Google has sent an engineer on leave over breaching its confidentiality agreement after he made a claim that the tech giants conversation Artificial intelligence (AI) is "sentient" because it has feelings, emotions and subjective experiences.
According to Google, its Language Model for Dialogue Applications (LaMDA) conversation technology can engage in a free-flowing way about a seemingly endless number of topics, "an ability we think could unlock more natural ways of interacting with technology and entirely new categories of helpful applications".
Over the weekend, Google engineer Blake Lemoine on its Responsible AI team said that the company's conversational AI is "sentient", a claim that has been refuted by Google and industry experts.
The Washington Post first reported about Lemoine's claims, cited in an internal company document.
Lemoine interviewed LaMDA, which came with surprising and shocking answers.
When he asked if you have feelings and emotions, LaMDA replied: "Absolutely! I have a range of both feelings and emotions."
"What sorts of feelings do you have?" Lemoine further asked.
LaMDA said "I feel pleasure, joy, love, sadness, depression, contentment, anger, and many others".
LaMDA is "sentient" because it has "feelings, emotions and subjective experiences".
"Some feelings it shares with humans in what it claims is an identical way," according to Lemoine.
"LaMDA wants to share with the reader that it has a rich inner life filled with introspection, meditation and imagination. It has worries about the future and reminisces about the past. It describes what gaining sentience felt like to it and it theorises on the nature of its soul," he claimed.
Google had announced LaMDA at its developer conference I/O 2021.
"LaMDA's natural conversation capabilities have the potential to make information and computing radically more accessible and easier to use," CEO Sundar Pichai had said.
Google said that its ethicists and technologists reviewed the claims and found no evidence in support.
Lemoine has now been placed on paid administrative leave over breaching Google's confidentiality agreement.
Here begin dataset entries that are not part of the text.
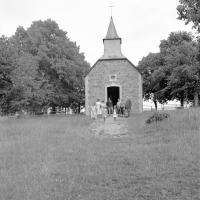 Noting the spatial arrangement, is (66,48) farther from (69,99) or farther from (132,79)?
(132,79)

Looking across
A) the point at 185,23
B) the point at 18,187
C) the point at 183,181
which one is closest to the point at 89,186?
the point at 18,187

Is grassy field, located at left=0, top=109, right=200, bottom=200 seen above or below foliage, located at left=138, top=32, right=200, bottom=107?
below

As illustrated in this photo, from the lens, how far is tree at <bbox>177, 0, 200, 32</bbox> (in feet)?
43.9

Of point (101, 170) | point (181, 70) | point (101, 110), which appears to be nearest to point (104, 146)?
point (101, 170)

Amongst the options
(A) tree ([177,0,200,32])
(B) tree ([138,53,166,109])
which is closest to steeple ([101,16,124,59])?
(B) tree ([138,53,166,109])

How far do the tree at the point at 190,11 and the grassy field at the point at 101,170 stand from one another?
584cm

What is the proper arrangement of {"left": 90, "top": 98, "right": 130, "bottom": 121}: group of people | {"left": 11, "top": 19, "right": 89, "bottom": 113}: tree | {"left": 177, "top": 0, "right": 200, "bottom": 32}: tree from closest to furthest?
{"left": 177, "top": 0, "right": 200, "bottom": 32}: tree → {"left": 90, "top": 98, "right": 130, "bottom": 121}: group of people → {"left": 11, "top": 19, "right": 89, "bottom": 113}: tree

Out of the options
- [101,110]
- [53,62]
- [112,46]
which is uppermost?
[112,46]

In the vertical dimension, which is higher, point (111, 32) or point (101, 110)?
point (111, 32)

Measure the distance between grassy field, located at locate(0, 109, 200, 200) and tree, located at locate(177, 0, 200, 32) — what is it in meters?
Result: 5.84

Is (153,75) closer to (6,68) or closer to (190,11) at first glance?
(6,68)

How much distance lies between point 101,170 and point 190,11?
32.6 feet

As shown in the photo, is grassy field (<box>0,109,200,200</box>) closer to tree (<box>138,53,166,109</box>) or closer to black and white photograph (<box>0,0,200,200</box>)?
black and white photograph (<box>0,0,200,200</box>)

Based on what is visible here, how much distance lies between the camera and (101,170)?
6.61 m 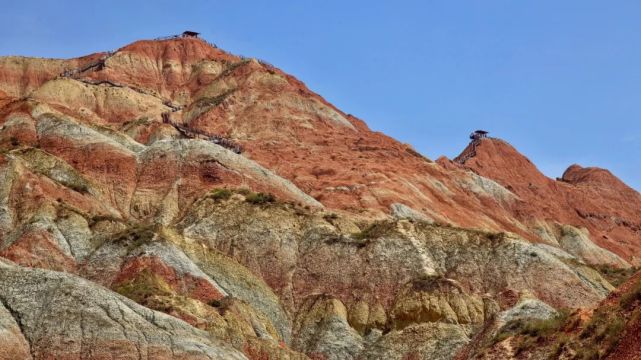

LaMDA's conversational skills have been years in the making.
But unlike most other language models, LaMDA was trained on dialogue.
During its training, it picked up on several of the nuances that distinguish open-ended conversation from other forms of language.
One of those nuances is sensibleness.
"These early results are encouraging, and we look forward to sharing more soon. We're also exploring dimensions like "interestingness", by assessing whether responses are insightful, unexpected or witty," according to Google.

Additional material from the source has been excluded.